Cass. civ, sez. un., 22 marzo 2019, n. 8230

Infatti, in ambito di vendita di immobili, la nullità comminata dal D.P.R. n. 380 del 2001, art. 46, e dalla L. n. 47 del 1985, artt. 17 e 40, va ricondotta nell’ambito dell’art. 1418 c.c., comma 3, di cui costituisce una specifica declinazione, e deve qualificarsi come nullità “testuale”, con tale espressione dovendo intendersi, in stretta adesione al dato normativo, un’unica fattispecie di nullità che colpisce gli atti tra vivi ad effetti reali elencati nelle norme che la prevedono, volta a sanzionare la mancata inclusione in detti atti degli estremi del titolo abilitativo dell’immobile, titolo che, tuttavia, deve esistere realmente e deve esser riferibile, proprio, a quell’immobile.

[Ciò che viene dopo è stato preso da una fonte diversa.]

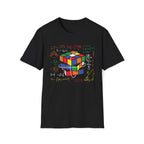 Game Cube Math Illustration Unisex T-Shirt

Tuttavia, ai fini della validità del contratto non è sufficiente la menzione della dichiarazione dell’alienante degli estremi del titolo abilitativo, ma occorre anche l’indagine circa la sua “reale esistenza”.

In costanza di una dichiarazione reale e riferibile all’immobile, il contratto sarà in conclusione valido, e tanto a prescindere dal profilo della conformità o della difformità della costruzione realizzata al titolo in esso menzionato, e ciò per la decisiva ragione che tale profilo esula dal perimetro della nullità, in quanto, non è previsto dalle disposizioni che la comminano, e tenuto conto del condivisibile principio generale, affermato più volte dalla Corte, secondo cui le norme che, ponendo limiti all’autonomia privata e divieti alla libera circolazione dei beni, sanciscono la nullità degli atti debbono ritenersi di stretta interpretazione, sicché esse non possono essere applicate, estensivamente o per analogia, ad ipotesi diverse da quelle espressamente previste.

Secondo la Corte, la tesi qui adottata non è dissonante rispetto alla finalità di contrasto al fenomeno dell’abusivismo edilizio, cui pure tende la disposizione in esame, e che è meritevole di massima considerazione.

Per effetto della prescritta informazione, l’acquirente, utilizzando la diligenza dovuta nell’occasione, è, infatti, posto in grado di svolgere le indagini ritenute più opportune per appurare la regolarità urbanistica del bene, e così valutare la convenienza dell’affare, anche, in riferimento ad eventuale mancata rispondenza della costruzione al titolo dichiarato.